Exercise:
Would you set down the data that follows, word for word, without any pictures?

Information:

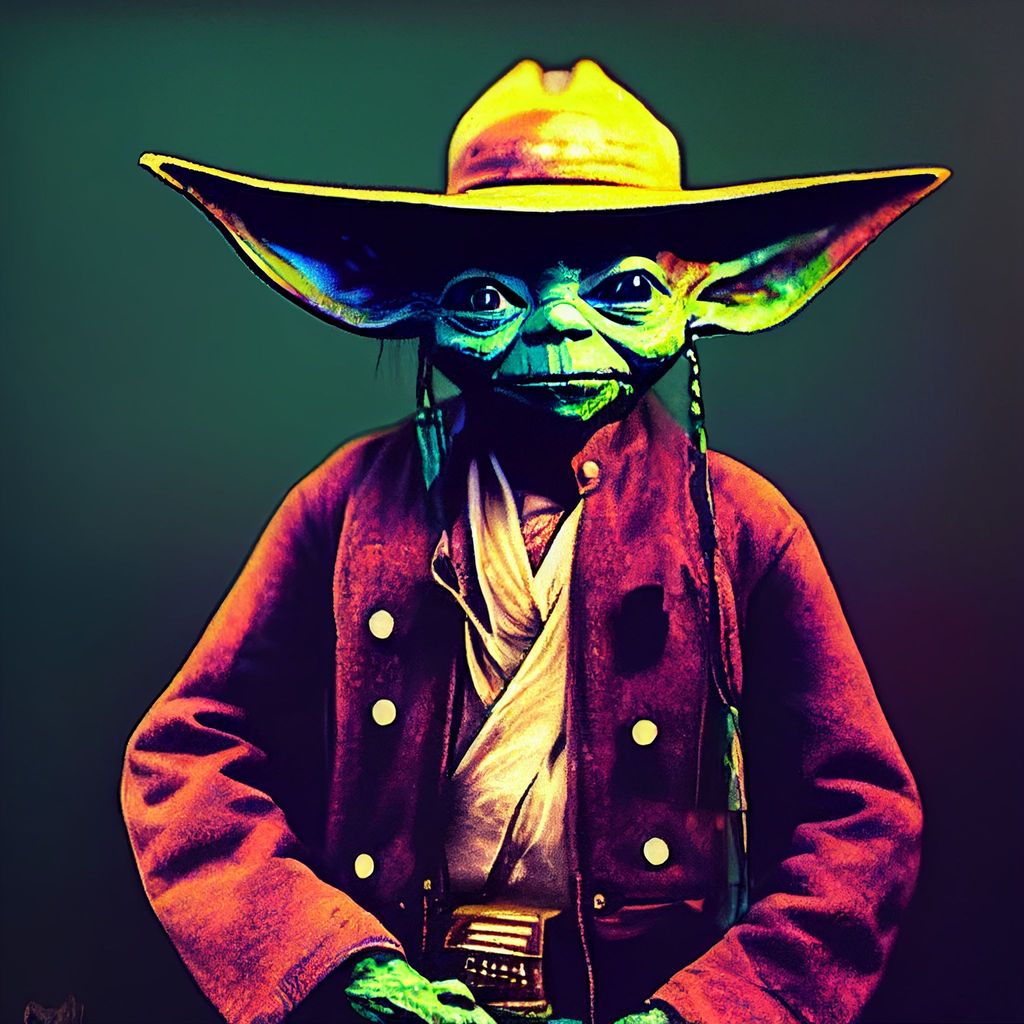 Prompt: cowboy yoda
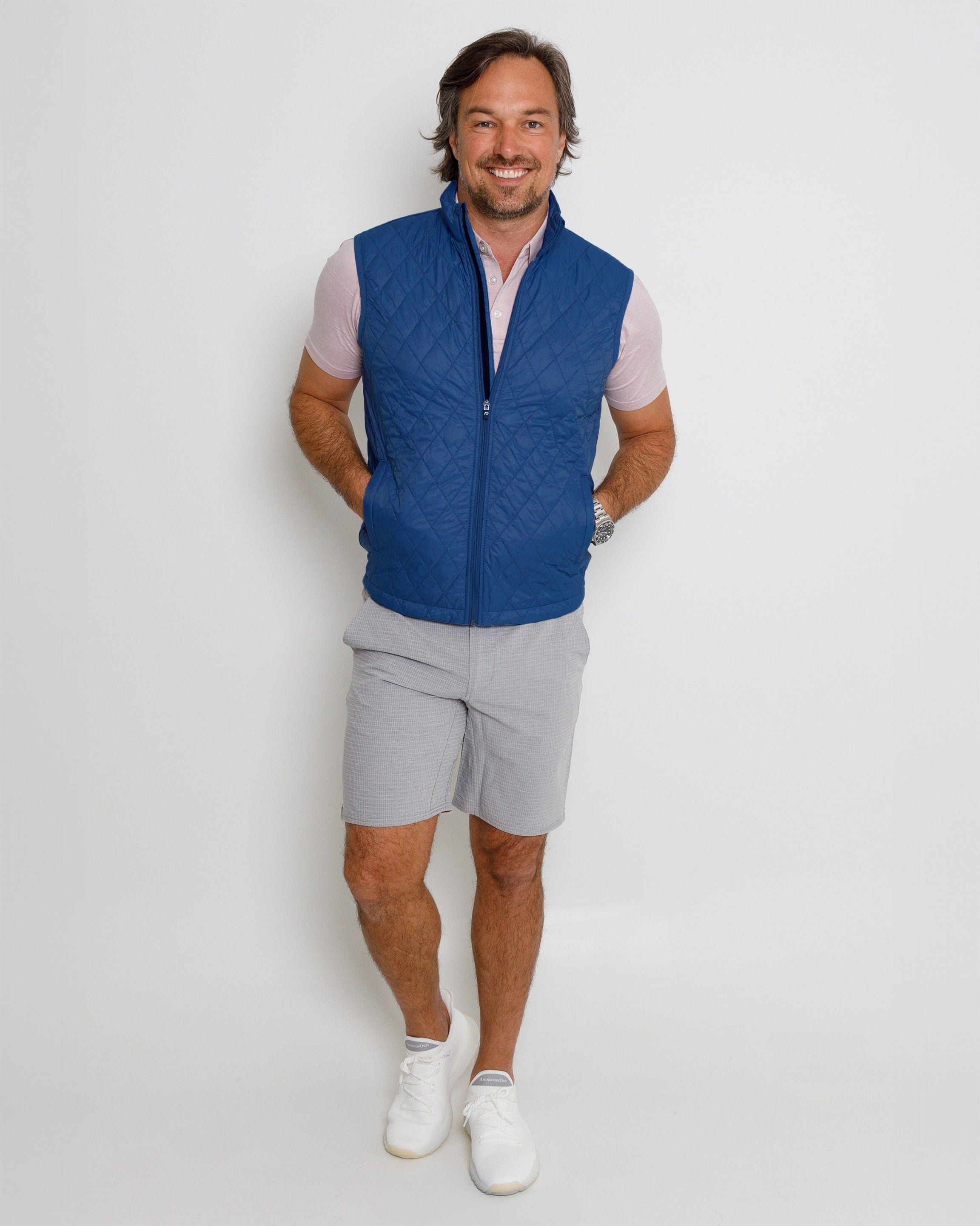Seaworth Vest - Dark Denim/Faded Denim Heather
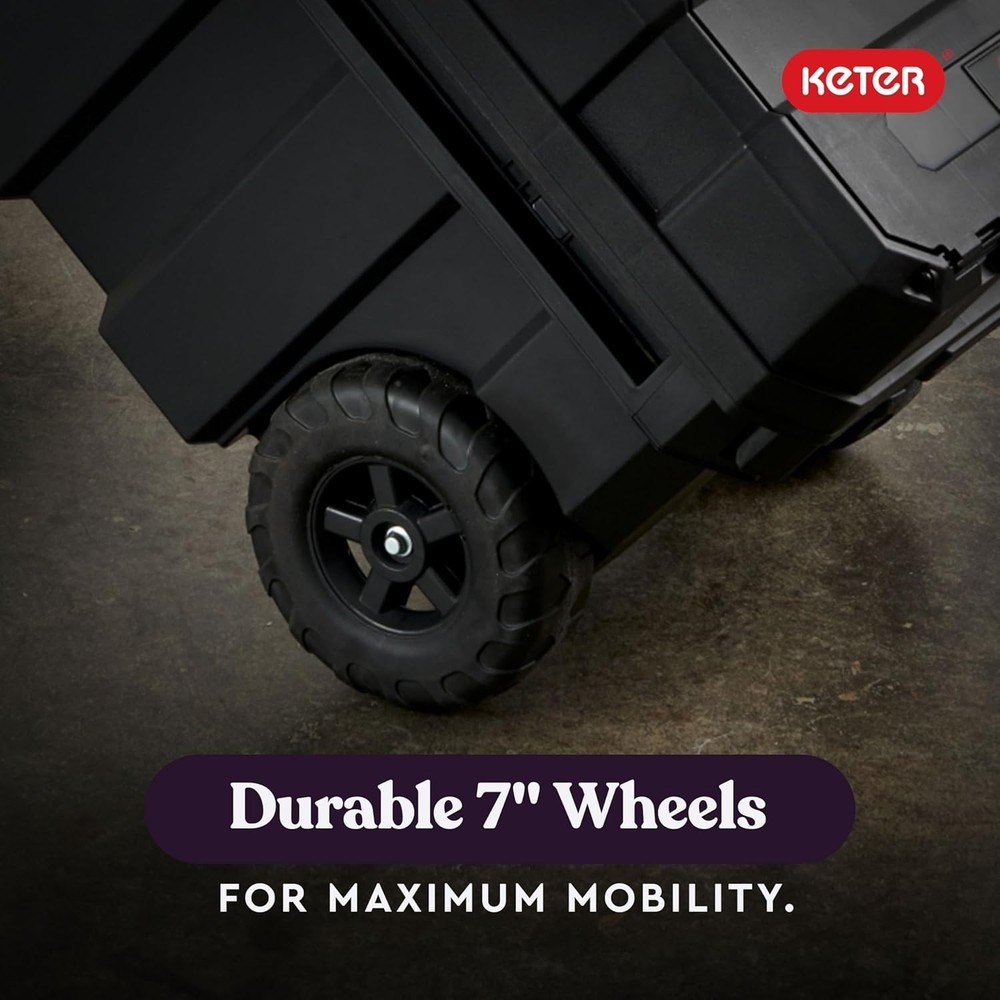 Masterloader Resin Rolling Tool Box with Locking System and Removable Bins – ...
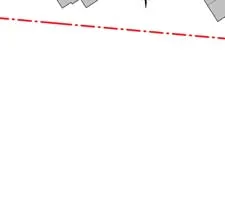 Upper floor interior section showing garage area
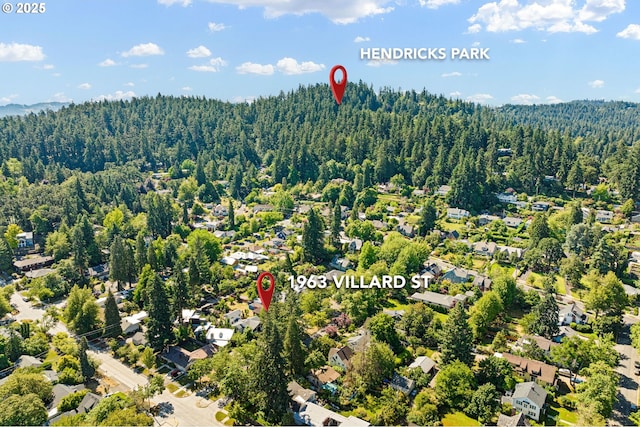 1963 Villard St, Eugene, OR 97403 - aerial view of residential area featuring a forest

Solved problem:
 Prompt: cowboy yoda
Seaworth Vest - Dark Denim/Faded Denim Heather
 Masterloader Resin Rolling Tool Box with Locking System and Removable Bins – ...
 Upper floor interior section showing garage area
 1963 Villard St, Eugene, OR 97403 - aerial view of residential area featuring a forest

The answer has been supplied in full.